Among the many social situations that make me uncomfortable, one of the worst is when someone I know, especially someone I care about, loses someone they love.
Because what do you say? What do you say that adequately conveys how deeply sorry you are for their loss, but doesn't sound like it's about you? Because that's my concern - that when someone loses someone they love, I put myself in their shoes, and feel sorry because I imagine how I would feel if I had lost someone I love. It brings alive my fears of losing the people I love. All of which makes my condolences just sound trite and selfish.
When I was 16, a classmate lost her father. A little over a year ago,my godfather lost his father. And I was at as much of a loss for words as I remembered being at 16. I asked on twitter, that fountain of support and suggestions, and got some responses. All very valid responses, but none of them made it any easier to send that email or make that phone call.

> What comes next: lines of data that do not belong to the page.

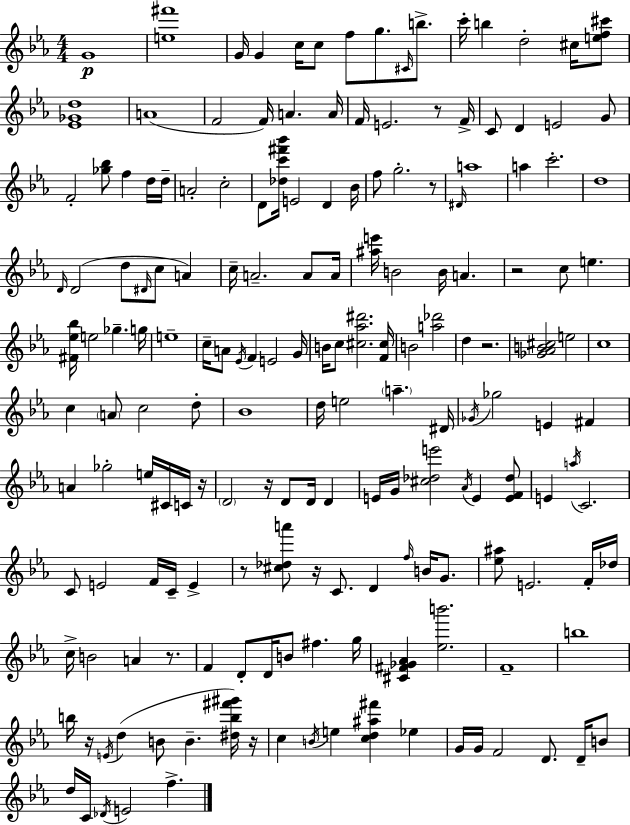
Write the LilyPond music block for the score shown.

{
  \clef treble
  \numericTimeSignature
  \time 4/4
  \key c \minor
  g'1\p | <e'' fis'''>1 | g'16 g'4 c''16 c''8 f''8 g''8. \grace { cis'16 } b''8.-> | c'''16-. b''4 d''2-. cis''16 <e'' f'' cis'''>8 | \break <ees' ges' d''>1 | a'1( | f'2 f'16) a'4. | a'16 f'16 e'2. r8 | \break f'16-> c'8 d'4 e'2 g'8 | f'2-. <ges'' bes''>8 f''4 d''16 | d''16-- a'2-. c''2-. | d'8 <des'' c''' fis''' bes'''>16 e'2 d'4 | \break bes'16 f''8 g''2.-. r8 | \grace { dis'16 } a''1 | a''4 c'''2.-. | d''1 | \break \grace { d'16 }( d'2 d''8 \grace { dis'16 } c''8 | a'4) c''16-- a'2.-- | a'8 a'16 <ais'' e'''>16 b'2 b'16 a'4. | r2 c''8 e''4. | \break <fis' ees'' bes''>16 e''2 ges''4.-- | g''16 e''1-- | c''16-- a'8 \acciaccatura { ees'16 } f'4 e'2 | g'16 b'16 c''8 <cis'' aes'' dis'''>2. | \break <f' cis''>16 b'2 <a'' des'''>2 | d''4 r2. | <ges' aes' b' cis''>2 e''2 | c''1 | \break c''4 \parenthesize a'8 c''2 | d''8-. bes'1 | d''16 e''2 \parenthesize a''4.-- | dis'16 \acciaccatura { ges'16 } ges''2 e'4 | \break fis'4 a'4 ges''2-. | e''16 cis'16 c'16 r16 \parenthesize d'2 r16 d'8 | d'16 d'4 e'16 g'16 <cis'' des'' e'''>2 | \acciaccatura { aes'16 } e'4 <e' f' des''>8 e'4 \acciaccatura { a''16 } c'2. | \break c'8 e'2 | f'16 c'16-- e'4-> r8 <cis'' des'' a'''>8 r16 c'8. | d'4 \grace { f''16 } b'16 g'8. <ees'' ais''>8 e'2. | f'16-. des''16 c''16-> b'2 | \break a'4 r8. f'4 d'8-. d'16 | b'8 fis''4. g''16 <cis' fis' ges' aes'>4 <ees'' b'''>2. | f'1-- | b''1 | \break b''16 r16 \acciaccatura { e'16 }( d''4 | b'8 b'4.-- <dis'' b'' fis''' gis'''>16) r16 c''4 \acciaccatura { b'16 } e''4 | <c'' d'' ais'' fis'''>4 ees''4 g'16 g'16 f'2 | d'8. d'16-- b'8 d''16 c'16 \acciaccatura { des'16 } e'2 | \break f''4.-> \bar "|."
}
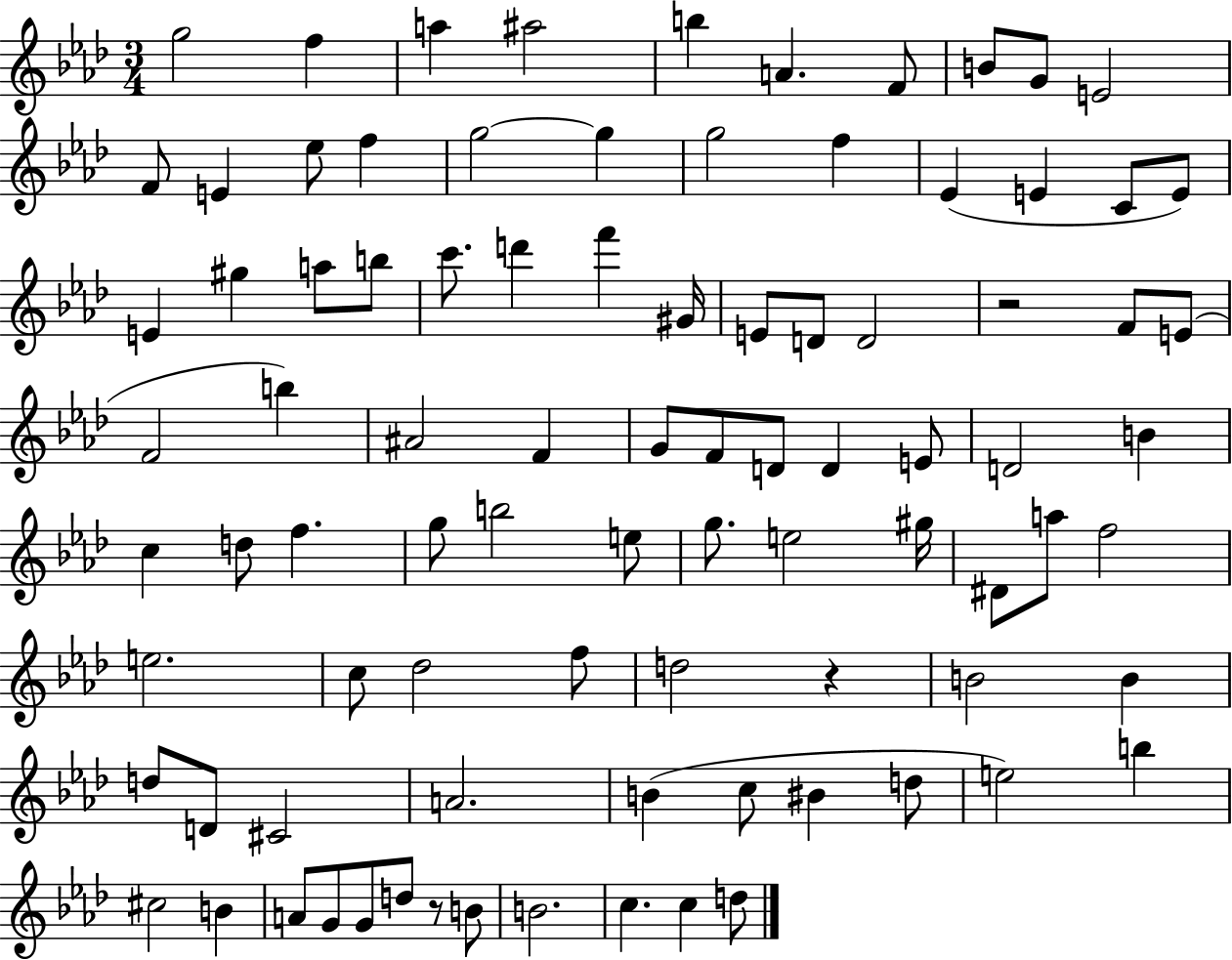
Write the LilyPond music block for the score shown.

{
  \clef treble
  \numericTimeSignature
  \time 3/4
  \key aes \major
  g''2 f''4 | a''4 ais''2 | b''4 a'4. f'8 | b'8 g'8 e'2 | \break f'8 e'4 ees''8 f''4 | g''2~~ g''4 | g''2 f''4 | ees'4( e'4 c'8 e'8) | \break e'4 gis''4 a''8 b''8 | c'''8. d'''4 f'''4 gis'16 | e'8 d'8 d'2 | r2 f'8 e'8( | \break f'2 b''4) | ais'2 f'4 | g'8 f'8 d'8 d'4 e'8 | d'2 b'4 | \break c''4 d''8 f''4. | g''8 b''2 e''8 | g''8. e''2 gis''16 | dis'8 a''8 f''2 | \break e''2. | c''8 des''2 f''8 | d''2 r4 | b'2 b'4 | \break d''8 d'8 cis'2 | a'2. | b'4( c''8 bis'4 d''8 | e''2) b''4 | \break cis''2 b'4 | a'8 g'8 g'8 d''8 r8 b'8 | b'2. | c''4. c''4 d''8 | \break \bar "|."
}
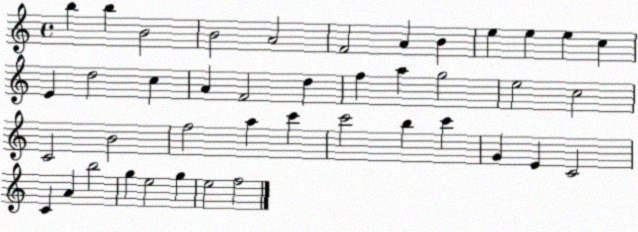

Then a fortnight ago, a professor at school who I am fairly close to lost his mother. And I started wondering again. What do you say?
I sent him an email, since I'm not in the US right now. And he replied too. But I was still left feeling that the email I sent was utterly trite and pointless.
And all of this is still about me. It's my discomfort with not knowing what to say, my inability to convey how I feel. Maybe it doesn't seem trite. Maybe it does mean something to the person I'm writing to. But I never quite know that.